'Dev Tunnels' In Visual Studio 2022 For Azure Functions

On November 15th has been announced the public preview of 'Dev Tunnel'. You can find the announcement in this post, where Sayed Ibrahim explains how our ASP.NET project can be port tunneling (forwarding) to enable connections between machines that cannot directly connect to each other.

In the past, we have accomplished this kind of requirement with tools like ngrok. But with the introduction of this feature in Visual Studio, we can do it now natively in Visual Studio without the necessity to download and execute separately any external tool.

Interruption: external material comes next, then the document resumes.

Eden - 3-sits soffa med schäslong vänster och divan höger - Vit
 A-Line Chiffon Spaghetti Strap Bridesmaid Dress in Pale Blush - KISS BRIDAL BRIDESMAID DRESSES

In the announcement, the focus is on ASP.NET, but if we continue reading to the end, we'll notice that the feature is also now available for Azure Functions. In this article, we'll learn about the minor differences but important to understand on trying to execute/debug our projects.

In Azure Function we could find that we can implement REST APIs with Http Trigger and sometimes we need to expose this endpoint for the internet and be able to debug our code. In this documentation from Twilio, in the 'Test your Azure Function webhook locally' section, we can find a use case where they are using ngrok to test the webhook for responses to their messaging platform. Here is where 'Dev Tunnel' can come to the scene.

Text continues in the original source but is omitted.